As the broadcast is on short-wave, it has often meant struggling with static and poor reception, but that has not been a deterrent for the listeners.
Started more than 70 years ago, the Hindi service has come to enjoy tremendous credibility in India.
Generations have learnt about the happenings in the country - and the wider world - through these broadcasts. And youngsters have brushed up on their general knowledge and students have prepared for competitive exams by tuning in.
'Part of history'
"It's like your daily cup of tea. If you don't get it, you miss it sorely," says Braj Kishore Singh, 34, in the town of Jarua who has been listening to the BBC since 1986.
As a child, he sat with his father, a college principal, while he heard the BBC Hindi broadcasts.
"We were in Jagannathpur village. Every evening, the entire village would gather around him. We heard about [the former prime minister] Indira Gandhi's assassination, we heard about the demolition of the Babri Mosque."
Well-known poet and professor of English in the state capital, Patna, Arun Kamal, says the BBC has been a part of history for generations of Indians and an effective tool of Britain's foreign policy.
"We had a choice between Radio Moscow, Radio Peking (Beijing), Voice of America and BBC. We chose the BBC because it was believed to be the most neutral."
He says the Hindi service played a crucial role in shaping public opinion in India during World War II and also during the emergency imposed on India by late prime minister Indira Gandhi.
The proposed closure of the Hindi service, he says, is a part of the pattern which shows the "decline of the British power" in general in the world.
Meanwhile, the announcement that the BBC will explore commercial funding options has been welcomed by the advertisers in Bihar.
"The advertisers look for returns and the BBC's consumer base is very large so we are bound to be interested," Rajeev Jha, owner of ViaMedia advertising agency in Patna, said.
"The BBC Hindi radio would be ideal for the biggest advertisers here - for the education sector and the government awareness programmes. Millions of villagers are its dedicated listeners so anyone who advertises here is assured of reaching the mass market," he says.

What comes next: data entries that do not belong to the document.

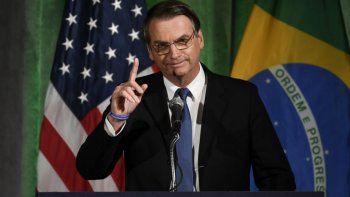 Bolsonaro autorizó que Estados Unidos lance misiles desde Brasil
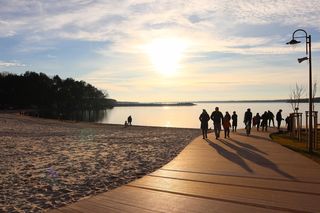 Smardzewice nad Zalewem Sulejowskim. Tu znajdziesz piasek jak z plaży, a dojazd zajmie ci mniej niż godzinę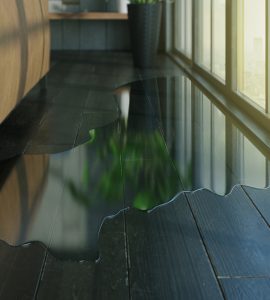 Flaque d'eau sur le parquet en bois noir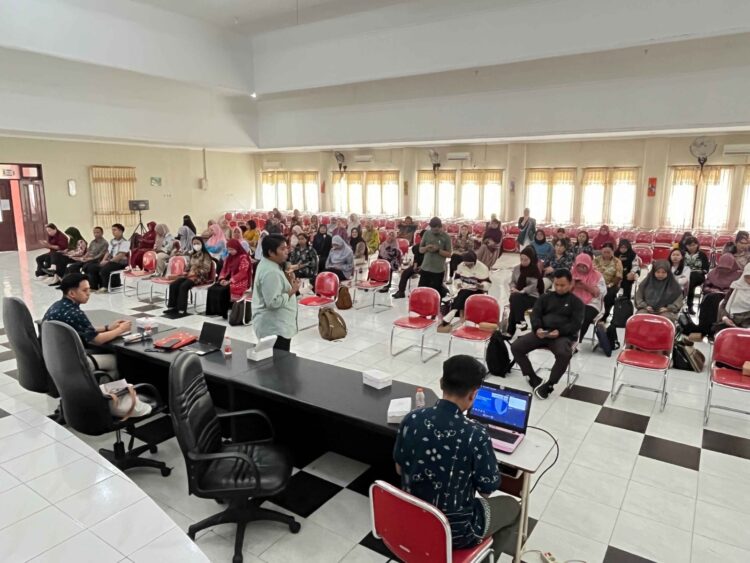 Bawaslu Tarakan Bahas Risiko Penyalahgunaan AI Dalam Pemilu Bersama Mafindo dan PGRI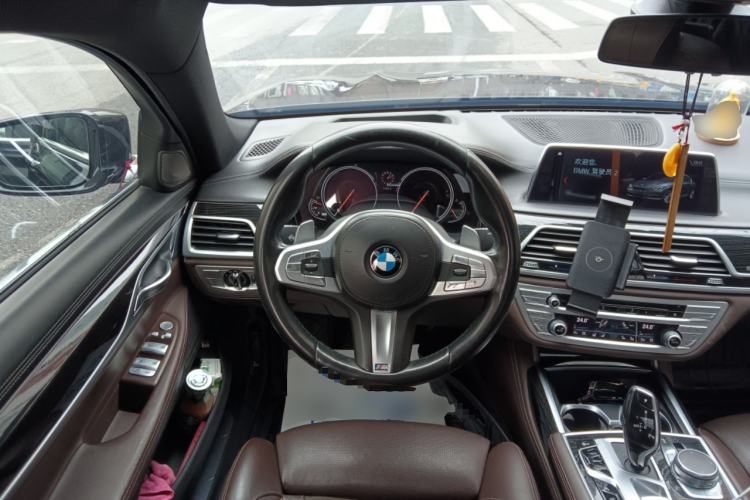 Used BMW 7 Series 2018 730Li Luxury Edition M Sport Package Steering Wheel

The BBC says it has been approached by a number of commercial parties with alternative funding proposals, but is making no promises about the future.
"The BBC is hopeful of finding a solution and continuing this service to the millions of Hindi listeners both in India and around the world," a spokesman said.

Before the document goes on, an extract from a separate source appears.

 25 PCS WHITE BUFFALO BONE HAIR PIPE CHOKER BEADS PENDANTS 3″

But he added: "If sustainable commercial funding for this service cannot be found during the 2011/12 financial year, we regret that it will then have to close by March 2012."

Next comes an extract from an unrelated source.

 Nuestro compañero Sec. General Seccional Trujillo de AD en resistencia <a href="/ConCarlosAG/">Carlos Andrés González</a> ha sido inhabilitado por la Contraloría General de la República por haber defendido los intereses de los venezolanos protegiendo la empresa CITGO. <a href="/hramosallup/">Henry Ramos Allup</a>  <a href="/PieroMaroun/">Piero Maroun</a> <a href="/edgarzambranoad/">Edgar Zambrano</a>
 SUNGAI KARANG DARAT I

According to its charter, the BBC World Service is supposed to broadcast to regions which do not have a free media.
But India is a successful democracy with a thriving independent media scene which, some say, makes the World Service redundant here.
And over the years, its listener base has been shrinking steadily.
"The new generation is more into TV. In cities and towns, radio also has competition from the internet and mobile telephones. Now there is news on Twitter and Facebook. So the short-wave listeners are going down in numbers," Prof Kamal says.
The fact that only Indian state media can broadcast news on FM is another factor in the BBC's decline.
Mr Singh says among his age group, fewer people listen to the Hindi service now.
"Only the elderly listen to the BBC. People my age, or younger, prefer to watch the TV or listen to FM channels."
But he is angry that the BBC thought about closing down the service and has now decided to restore only an hour's programming a day.
"I think this is a conspiracy of the Western powers. They are worried by the growing popularity of the Hindi language," he says.
The reaction may seem a bit far-fetched to an outsider, but Prof Kamal says for people who have grown up on the Hindi service, their anger is understandable.
"The British government - and the BBC - must do a rethink and let the broadcasts continue because we have old connections with Britain. We have appropriated their language. Their icons are ours too," he says.